Tout ce que j’ai ici à leur dire, c’est que je leur donne dans cette nouvelle édition, outre mes anciens ouvrages exactement revus, ma satire contre les femmes, l’ode sur Namur, quelques épigrammes, et mes réflexions critiques sur Longin. Ces réflexions, que j’ai composées à l’occasion des dialogues de M. Perrault, se sont multipliées sous ma main beaucoup plus que je ne croyois, et sont cause que j’ai divisé mon livre en deux volumes. J’ai mis à la fin du second volume les traductions latines qu’ont fait[2] de mon ode les deux plus célèbres professeurs en éloquence de l’Université ; je veux dire M. Lenglet et M. Rollin. Ces traductions ont été généralement admirées, et ils m’ont fait en cela tous deux d’autant plus d’honneur, qu’ils savent bien que c’est la seule lecture de mon ouvrage qui les a excités à entreprendre ce travail. J’ai aussi joint à ces traductions quatre épigrammes latines que le révérend père Fraguier[3], jésuite, a faites contre le Zoïle moderne. Il y en a deux qui sont imitées d’une des miennes.
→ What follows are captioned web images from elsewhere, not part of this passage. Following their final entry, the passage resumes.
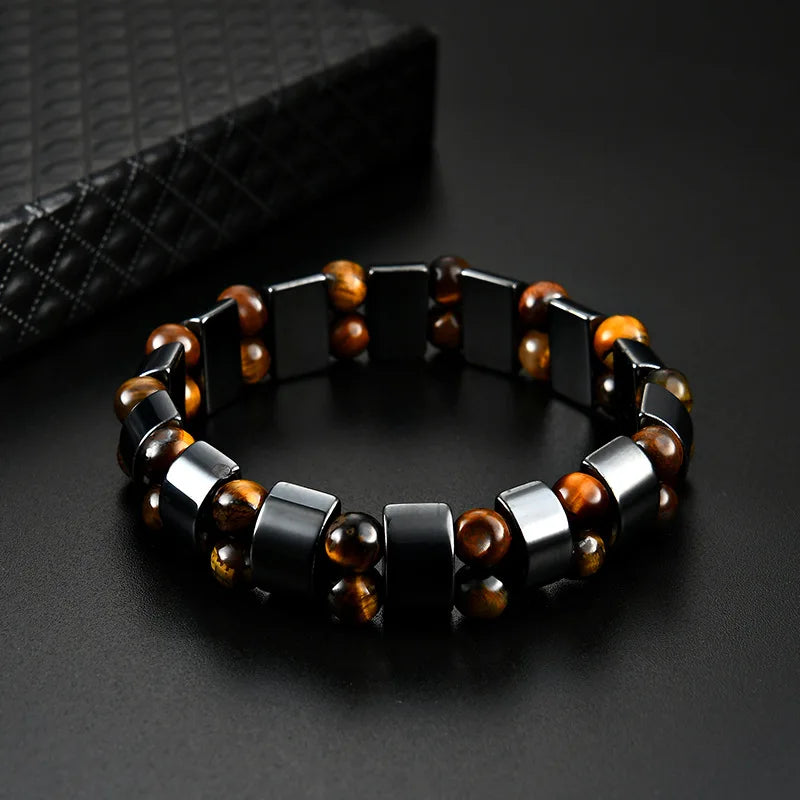 Elegant men's Tiger Eye bracelet featuring natural, durable stones, showcasing a polished red gemstone in jewelry style.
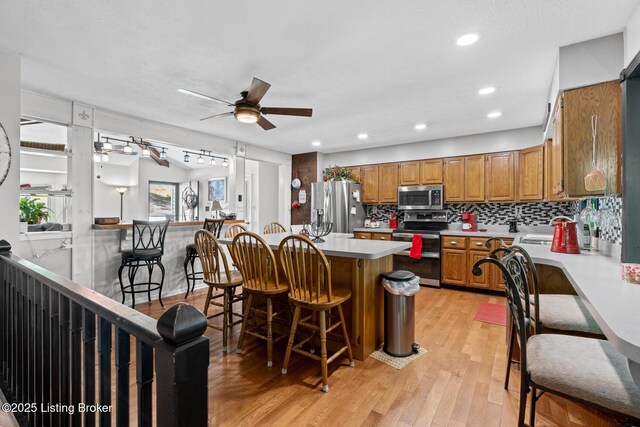 94 Tarnwood Dr, Brandenburg, KY 40108 - kitchen featuring appliances with stainless steel finishes, brown cabinets, light countertops, a breakfast bar, and light wood-type flooring
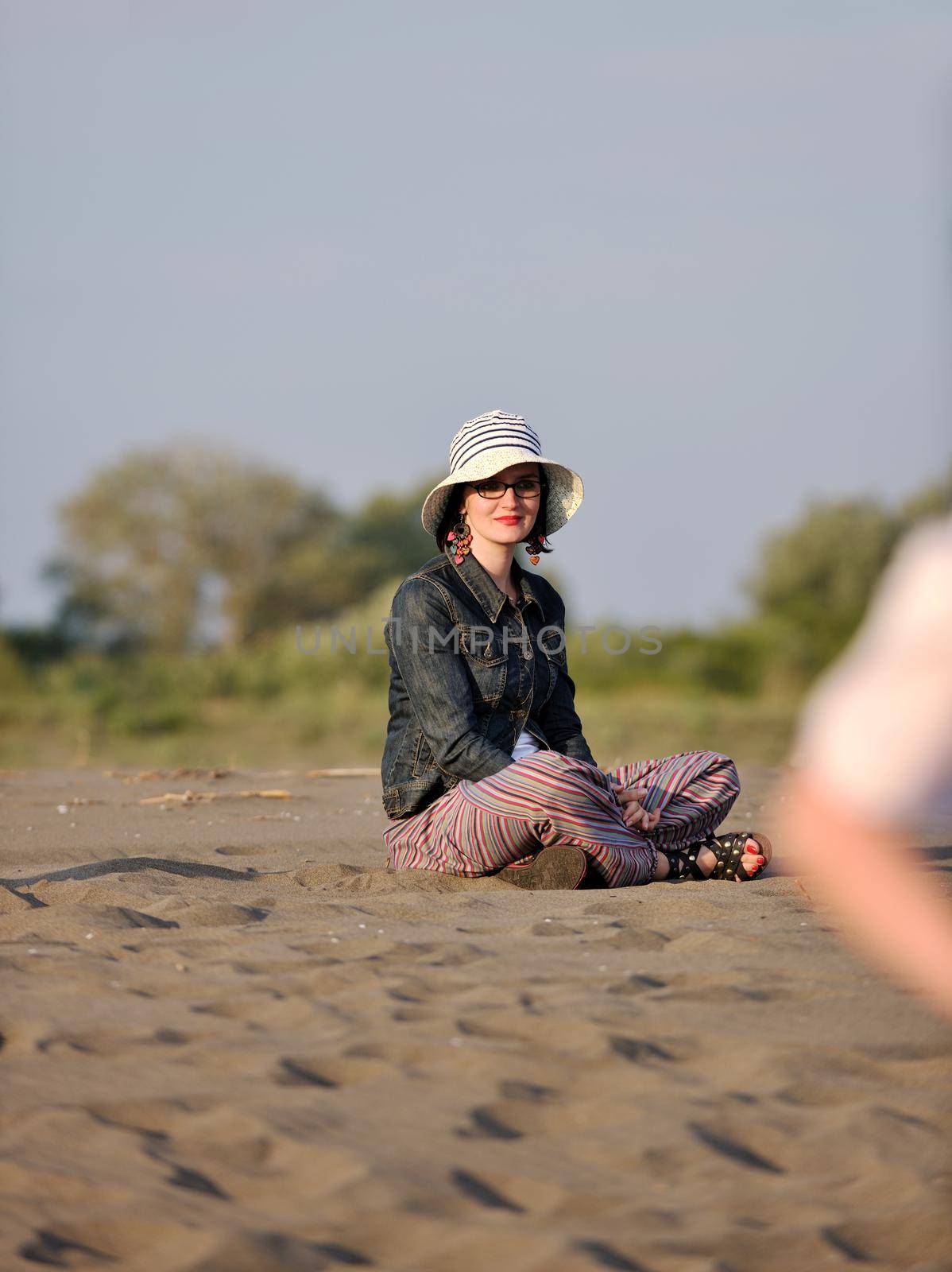 happy young woman relax on beautiful  beach at fresh summer morning and enjoy first ray of sun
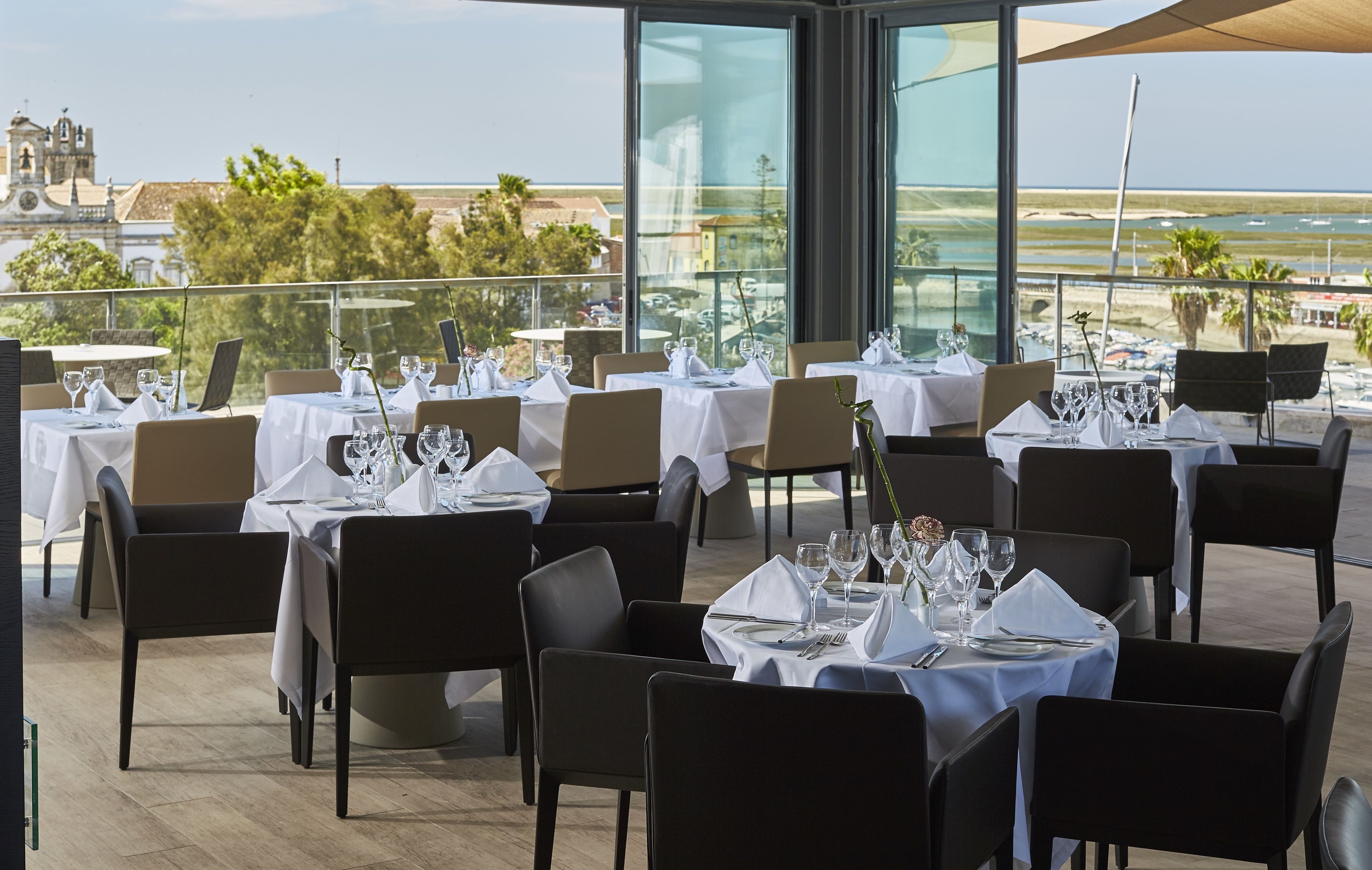A rooftop dining area with tables set for guests, overlooking a scenic view of the sea and buildings.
On ne peut rien voir de plus poli ni de plus élégant que ces quatre épigrammes, et il semble que Catulle y soit ressuscité pour venger Catulle : j’espère donc que le public me saura quelque gré du présent que je lui en fais.

Au reste, dans le temps que cette nouvelle édition de mes ouvrages alloit voir le jour, le révérend père de La Landelle[4], autre célèbre jésuite, m’a apporté une traduction latine qu’il a aussi faite de mon ode, et cette traduction m’a paru si belle, que je n’ai pu résister à la tentation d’en enrichir encore mon livre, où on la trouvera avec les deux autres à la fin du second tome.



  1. Le Parallèle des anciens et des modernes.
  2. Aujourd’hui nous écririons faites.
  3. Fraguier quitta les jésuites, et devint membre de l’Académie des inscriptions.
  4. La Landelle quitta aussi les jésuites, et prit le nom d’abbé de Saint-Remi. Il a traduit tout Virgile en français.